» **WHAT YOU ARE ASKED TO DO**: Please repeat the listing exactly, starting at its first line and stopping after the line that contains "2019 Tesla Model".

» **DATASET EXCERPTS**:

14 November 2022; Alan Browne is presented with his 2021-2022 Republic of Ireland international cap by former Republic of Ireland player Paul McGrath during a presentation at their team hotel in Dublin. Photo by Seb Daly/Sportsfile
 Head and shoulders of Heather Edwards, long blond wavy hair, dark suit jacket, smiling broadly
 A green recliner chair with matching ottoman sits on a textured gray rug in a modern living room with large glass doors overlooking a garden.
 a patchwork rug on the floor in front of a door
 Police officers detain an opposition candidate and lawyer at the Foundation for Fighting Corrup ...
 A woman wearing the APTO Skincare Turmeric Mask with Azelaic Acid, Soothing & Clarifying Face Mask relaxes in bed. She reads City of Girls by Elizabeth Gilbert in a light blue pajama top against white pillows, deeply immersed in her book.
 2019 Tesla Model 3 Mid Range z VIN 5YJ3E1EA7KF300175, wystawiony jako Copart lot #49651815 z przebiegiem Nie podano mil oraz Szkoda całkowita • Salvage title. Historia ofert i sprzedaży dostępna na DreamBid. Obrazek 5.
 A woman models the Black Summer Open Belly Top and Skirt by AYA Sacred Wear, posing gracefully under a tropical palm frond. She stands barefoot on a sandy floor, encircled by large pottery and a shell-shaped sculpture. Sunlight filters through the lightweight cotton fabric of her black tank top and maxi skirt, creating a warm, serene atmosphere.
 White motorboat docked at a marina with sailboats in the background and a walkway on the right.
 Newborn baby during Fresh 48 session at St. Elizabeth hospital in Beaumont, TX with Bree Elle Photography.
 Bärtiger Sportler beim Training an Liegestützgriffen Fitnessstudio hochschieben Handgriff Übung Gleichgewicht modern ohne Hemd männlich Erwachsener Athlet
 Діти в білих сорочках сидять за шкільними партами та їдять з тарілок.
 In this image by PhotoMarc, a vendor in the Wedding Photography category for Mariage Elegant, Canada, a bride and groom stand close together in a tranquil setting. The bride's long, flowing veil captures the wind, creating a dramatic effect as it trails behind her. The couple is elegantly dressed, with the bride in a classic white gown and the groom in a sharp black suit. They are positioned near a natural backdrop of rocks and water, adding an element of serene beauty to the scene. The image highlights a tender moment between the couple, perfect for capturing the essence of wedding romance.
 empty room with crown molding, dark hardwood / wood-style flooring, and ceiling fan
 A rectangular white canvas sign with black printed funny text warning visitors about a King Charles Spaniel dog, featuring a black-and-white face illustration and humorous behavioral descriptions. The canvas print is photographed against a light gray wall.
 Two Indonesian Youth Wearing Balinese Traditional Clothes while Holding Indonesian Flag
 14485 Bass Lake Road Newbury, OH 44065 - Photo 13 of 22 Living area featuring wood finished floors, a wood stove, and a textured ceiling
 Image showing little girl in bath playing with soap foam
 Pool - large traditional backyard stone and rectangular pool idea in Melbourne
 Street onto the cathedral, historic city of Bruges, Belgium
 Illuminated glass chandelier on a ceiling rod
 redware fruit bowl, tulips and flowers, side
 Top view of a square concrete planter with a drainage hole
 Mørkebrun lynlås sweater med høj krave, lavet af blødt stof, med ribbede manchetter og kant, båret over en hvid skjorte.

» **WRITTEN REPLY**:
14 November 2022; Alan Browne is presented with his 2021-2022 Republic of Ireland international cap by former Republic of Ireland player Paul McGrath during a presentation at their team hotel in Dublin. Photo by Seb Daly/Sportsfile
 Head and shoulders of Heather Edwards, long blond wavy hair, dark suit jacket, smiling broadly
 A green recliner chair with matching ottoman sits on a textured gray rug in a modern living room with large glass doors overlooking a garden.
 a patchwork rug on the floor in front of a door
 Police officers detain an opposition candidate and lawyer at the Foundation for Fighting Corrup ...
 A woman wearing the APTO Skincare Turmeric Mask with Azelaic Acid, Soothing & Clarifying Face Mask relaxes in bed. She reads City of Girls by Elizabeth Gilbert in a light blue pajama top against white pillows, deeply immersed in her book.
 2019 Tesla Model 3 Mid Range z VIN 5YJ3E1EA7KF300175, wystawiony jako Copart lot #49651815 z przebiegiem Nie podano mil oraz Szkoda całkowita • Salvage title. Historia ofert i sprzedaży dostępna na DreamBid. Obrazek 5.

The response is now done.